> [Exercise aim]:
Please return every line from the entries that has the string "card" in it.

------ Provided data

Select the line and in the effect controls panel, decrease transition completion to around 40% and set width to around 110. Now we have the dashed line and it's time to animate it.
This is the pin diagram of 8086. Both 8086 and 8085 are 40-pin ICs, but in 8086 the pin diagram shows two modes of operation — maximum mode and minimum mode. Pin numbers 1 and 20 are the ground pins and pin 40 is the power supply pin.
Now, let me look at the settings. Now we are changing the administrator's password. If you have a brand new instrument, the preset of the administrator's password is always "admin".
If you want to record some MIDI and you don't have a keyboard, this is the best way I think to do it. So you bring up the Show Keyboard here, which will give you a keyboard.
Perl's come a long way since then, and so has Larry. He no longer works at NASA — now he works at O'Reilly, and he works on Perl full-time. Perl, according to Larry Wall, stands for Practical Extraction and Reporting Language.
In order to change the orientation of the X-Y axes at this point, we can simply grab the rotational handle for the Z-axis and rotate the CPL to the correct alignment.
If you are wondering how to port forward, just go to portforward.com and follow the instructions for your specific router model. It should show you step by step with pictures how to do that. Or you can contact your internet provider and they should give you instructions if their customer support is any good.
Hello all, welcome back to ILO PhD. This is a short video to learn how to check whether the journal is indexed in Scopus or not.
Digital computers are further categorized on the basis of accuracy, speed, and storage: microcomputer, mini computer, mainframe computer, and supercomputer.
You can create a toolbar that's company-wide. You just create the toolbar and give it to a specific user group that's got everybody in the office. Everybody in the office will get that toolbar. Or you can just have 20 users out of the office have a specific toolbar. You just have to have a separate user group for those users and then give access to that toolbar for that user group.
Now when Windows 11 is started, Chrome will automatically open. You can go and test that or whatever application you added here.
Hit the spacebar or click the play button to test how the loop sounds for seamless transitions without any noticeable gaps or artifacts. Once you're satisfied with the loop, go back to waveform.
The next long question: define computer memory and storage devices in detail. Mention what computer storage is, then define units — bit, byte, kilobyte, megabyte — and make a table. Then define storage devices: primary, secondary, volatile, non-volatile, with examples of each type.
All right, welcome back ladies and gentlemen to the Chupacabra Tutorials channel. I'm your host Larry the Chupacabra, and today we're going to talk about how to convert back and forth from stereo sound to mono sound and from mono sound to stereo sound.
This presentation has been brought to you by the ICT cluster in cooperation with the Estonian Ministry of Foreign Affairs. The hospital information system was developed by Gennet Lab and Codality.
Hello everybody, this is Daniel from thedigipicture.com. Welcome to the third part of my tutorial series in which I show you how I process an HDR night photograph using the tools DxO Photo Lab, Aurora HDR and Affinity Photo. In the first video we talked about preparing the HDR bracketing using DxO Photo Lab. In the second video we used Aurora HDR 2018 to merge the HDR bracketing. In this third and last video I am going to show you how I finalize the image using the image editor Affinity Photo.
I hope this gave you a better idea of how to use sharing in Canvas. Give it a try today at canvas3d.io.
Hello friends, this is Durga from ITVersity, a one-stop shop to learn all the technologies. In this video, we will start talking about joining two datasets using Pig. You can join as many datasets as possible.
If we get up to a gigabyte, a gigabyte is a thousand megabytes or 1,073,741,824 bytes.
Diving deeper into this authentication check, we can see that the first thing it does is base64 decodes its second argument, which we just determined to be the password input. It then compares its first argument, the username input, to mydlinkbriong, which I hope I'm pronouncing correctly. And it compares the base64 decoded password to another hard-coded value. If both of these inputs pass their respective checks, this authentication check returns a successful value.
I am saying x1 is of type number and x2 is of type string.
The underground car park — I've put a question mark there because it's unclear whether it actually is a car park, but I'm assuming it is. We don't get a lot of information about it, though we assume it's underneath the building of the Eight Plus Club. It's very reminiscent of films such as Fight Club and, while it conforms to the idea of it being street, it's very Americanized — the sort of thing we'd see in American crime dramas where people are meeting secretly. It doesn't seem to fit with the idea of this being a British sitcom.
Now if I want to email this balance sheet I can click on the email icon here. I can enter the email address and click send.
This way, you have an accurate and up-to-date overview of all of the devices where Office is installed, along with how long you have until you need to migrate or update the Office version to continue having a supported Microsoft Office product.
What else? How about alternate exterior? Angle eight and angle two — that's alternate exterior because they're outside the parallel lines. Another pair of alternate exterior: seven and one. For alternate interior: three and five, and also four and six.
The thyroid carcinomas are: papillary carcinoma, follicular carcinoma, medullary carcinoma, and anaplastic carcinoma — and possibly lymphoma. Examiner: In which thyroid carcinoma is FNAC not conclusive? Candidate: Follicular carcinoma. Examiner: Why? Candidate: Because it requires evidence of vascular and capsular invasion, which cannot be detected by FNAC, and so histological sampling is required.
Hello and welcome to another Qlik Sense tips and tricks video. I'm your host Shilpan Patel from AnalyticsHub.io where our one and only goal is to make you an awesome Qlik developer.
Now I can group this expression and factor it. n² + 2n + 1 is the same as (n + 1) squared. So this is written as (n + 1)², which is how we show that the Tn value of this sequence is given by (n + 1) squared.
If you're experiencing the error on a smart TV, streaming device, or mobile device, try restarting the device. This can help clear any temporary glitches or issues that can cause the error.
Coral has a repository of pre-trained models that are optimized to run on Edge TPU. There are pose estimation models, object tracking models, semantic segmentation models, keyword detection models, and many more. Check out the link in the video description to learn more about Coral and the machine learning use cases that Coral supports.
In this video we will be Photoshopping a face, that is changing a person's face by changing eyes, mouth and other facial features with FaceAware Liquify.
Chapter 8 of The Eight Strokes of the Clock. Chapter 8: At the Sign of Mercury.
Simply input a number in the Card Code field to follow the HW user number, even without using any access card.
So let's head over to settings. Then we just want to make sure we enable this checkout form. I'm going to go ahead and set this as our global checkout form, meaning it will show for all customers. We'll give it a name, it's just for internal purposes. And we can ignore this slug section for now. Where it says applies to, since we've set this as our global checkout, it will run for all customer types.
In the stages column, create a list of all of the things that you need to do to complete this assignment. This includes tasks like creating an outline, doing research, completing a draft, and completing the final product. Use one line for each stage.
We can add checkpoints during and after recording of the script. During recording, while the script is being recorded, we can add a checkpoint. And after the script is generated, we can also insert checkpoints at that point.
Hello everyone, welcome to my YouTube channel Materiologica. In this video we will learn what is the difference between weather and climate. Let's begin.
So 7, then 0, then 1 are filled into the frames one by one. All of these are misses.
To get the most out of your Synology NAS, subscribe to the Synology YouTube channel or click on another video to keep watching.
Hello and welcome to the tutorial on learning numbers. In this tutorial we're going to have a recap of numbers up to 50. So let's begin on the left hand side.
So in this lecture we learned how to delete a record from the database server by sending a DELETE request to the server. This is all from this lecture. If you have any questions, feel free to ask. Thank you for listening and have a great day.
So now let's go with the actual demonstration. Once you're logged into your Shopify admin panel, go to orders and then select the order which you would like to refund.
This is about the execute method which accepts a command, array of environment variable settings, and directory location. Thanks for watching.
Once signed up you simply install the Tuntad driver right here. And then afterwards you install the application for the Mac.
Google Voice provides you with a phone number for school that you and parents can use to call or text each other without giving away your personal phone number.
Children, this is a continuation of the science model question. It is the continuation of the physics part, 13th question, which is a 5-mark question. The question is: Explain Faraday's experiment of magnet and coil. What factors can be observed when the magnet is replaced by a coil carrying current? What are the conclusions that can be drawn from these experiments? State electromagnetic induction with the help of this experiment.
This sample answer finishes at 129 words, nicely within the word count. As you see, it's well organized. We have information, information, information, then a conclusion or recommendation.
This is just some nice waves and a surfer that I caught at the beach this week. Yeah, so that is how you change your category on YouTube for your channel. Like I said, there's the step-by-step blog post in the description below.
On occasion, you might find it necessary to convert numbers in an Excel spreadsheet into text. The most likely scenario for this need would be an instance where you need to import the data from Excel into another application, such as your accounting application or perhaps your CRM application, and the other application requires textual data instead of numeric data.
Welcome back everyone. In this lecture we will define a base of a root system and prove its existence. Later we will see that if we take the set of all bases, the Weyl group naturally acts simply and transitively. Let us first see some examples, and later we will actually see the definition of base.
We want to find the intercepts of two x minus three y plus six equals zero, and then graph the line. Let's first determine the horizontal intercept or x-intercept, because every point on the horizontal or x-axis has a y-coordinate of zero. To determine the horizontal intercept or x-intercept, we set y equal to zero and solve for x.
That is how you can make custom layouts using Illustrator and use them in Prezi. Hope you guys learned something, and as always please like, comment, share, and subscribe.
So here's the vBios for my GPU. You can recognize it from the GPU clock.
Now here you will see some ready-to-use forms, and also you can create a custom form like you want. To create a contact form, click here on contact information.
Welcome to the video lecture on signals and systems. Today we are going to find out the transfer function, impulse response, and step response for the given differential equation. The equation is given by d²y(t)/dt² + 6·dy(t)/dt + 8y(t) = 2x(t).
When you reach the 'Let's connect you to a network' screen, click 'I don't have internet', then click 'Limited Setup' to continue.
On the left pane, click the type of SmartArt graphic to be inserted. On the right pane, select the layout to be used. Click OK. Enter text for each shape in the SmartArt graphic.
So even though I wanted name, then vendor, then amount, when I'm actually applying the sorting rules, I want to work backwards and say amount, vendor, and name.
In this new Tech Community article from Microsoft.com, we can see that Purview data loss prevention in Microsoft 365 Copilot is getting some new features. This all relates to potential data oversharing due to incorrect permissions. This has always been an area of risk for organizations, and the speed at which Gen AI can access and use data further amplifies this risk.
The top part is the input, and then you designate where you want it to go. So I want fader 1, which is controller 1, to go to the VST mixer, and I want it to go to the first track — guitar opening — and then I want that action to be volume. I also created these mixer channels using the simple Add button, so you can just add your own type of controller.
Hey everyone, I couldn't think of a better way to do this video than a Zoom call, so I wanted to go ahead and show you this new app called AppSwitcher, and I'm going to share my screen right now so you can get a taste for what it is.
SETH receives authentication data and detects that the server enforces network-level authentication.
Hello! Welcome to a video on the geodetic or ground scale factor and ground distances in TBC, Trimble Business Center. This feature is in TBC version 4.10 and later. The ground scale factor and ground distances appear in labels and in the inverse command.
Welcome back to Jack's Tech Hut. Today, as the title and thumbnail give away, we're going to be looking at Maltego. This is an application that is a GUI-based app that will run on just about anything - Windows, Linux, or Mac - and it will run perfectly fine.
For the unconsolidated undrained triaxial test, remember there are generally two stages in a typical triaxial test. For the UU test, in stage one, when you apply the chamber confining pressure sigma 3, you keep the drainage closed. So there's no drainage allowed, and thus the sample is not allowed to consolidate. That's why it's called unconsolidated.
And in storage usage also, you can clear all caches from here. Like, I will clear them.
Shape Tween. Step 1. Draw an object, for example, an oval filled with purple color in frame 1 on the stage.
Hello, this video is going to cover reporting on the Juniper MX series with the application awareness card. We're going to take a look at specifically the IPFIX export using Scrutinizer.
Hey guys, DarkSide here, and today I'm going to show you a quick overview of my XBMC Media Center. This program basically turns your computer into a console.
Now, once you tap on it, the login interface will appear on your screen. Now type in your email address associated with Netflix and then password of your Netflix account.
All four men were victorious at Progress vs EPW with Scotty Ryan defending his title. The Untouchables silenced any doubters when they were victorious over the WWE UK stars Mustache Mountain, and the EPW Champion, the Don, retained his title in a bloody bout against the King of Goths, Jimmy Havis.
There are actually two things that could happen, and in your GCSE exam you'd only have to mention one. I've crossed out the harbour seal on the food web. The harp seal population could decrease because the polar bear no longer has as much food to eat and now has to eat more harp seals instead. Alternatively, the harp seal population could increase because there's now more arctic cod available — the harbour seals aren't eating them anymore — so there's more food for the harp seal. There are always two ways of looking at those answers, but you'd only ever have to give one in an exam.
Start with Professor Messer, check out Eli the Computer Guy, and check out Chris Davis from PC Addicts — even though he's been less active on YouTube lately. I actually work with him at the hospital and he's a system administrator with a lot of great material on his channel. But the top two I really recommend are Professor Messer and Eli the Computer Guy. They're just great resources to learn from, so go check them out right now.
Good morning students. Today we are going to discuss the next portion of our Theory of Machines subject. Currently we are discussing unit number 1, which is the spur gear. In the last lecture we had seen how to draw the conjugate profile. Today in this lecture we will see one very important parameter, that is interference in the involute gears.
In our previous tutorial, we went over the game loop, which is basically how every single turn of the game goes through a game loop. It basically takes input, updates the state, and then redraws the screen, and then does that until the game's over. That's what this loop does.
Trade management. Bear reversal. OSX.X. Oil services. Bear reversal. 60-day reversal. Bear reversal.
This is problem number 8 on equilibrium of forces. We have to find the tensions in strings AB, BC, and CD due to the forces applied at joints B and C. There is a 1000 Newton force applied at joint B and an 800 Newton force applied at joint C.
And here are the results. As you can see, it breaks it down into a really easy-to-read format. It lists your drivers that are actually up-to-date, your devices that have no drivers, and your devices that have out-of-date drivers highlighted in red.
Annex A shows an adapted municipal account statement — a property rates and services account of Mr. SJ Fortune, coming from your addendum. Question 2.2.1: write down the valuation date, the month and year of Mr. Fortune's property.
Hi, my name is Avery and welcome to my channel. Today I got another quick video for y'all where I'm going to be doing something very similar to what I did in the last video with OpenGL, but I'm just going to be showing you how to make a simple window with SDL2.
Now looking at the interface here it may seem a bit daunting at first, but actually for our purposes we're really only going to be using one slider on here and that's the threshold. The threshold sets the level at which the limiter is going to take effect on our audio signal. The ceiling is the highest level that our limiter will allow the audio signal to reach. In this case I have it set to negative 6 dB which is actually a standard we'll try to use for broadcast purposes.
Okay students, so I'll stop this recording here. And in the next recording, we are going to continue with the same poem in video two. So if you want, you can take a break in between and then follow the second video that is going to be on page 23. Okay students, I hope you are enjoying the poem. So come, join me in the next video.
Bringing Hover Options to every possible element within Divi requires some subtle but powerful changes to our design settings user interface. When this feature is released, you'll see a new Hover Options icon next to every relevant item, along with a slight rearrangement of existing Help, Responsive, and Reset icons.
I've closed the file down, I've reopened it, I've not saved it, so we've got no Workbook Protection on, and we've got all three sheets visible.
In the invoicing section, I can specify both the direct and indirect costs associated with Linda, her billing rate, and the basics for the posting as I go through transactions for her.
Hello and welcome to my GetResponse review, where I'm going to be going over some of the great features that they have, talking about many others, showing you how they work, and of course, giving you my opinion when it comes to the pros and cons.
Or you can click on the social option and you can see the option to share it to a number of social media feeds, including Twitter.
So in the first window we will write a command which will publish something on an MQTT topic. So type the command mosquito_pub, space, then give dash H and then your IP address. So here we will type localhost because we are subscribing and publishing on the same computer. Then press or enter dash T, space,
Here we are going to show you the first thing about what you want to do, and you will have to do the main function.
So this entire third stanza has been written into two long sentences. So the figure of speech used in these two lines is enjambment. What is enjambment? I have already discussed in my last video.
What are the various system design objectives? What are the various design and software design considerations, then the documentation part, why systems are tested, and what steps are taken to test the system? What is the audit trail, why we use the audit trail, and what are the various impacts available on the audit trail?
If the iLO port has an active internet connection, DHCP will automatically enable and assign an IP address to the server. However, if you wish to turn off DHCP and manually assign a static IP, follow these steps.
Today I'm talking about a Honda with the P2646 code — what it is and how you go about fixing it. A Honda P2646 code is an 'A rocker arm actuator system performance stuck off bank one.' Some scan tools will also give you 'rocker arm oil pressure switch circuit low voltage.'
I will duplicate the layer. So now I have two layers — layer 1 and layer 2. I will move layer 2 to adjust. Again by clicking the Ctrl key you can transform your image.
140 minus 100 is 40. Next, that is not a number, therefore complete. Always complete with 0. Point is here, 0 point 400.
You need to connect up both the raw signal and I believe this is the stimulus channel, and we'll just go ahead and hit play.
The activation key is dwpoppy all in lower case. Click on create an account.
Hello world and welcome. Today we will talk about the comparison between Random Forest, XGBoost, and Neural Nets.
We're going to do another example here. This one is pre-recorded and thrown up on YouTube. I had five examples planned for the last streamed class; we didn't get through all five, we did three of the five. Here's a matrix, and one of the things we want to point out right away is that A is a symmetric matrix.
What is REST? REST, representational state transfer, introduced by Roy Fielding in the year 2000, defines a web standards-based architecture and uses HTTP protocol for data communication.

------------

> [Response box]:
Simply input a number in the Card Code field to follow the HW user number, even without using any access card.
Hello, this video is going to cover reporting on the Juniper MX series with the application awareness card. We're going to take a look at specifically the IPFIX export using Scrutinizer.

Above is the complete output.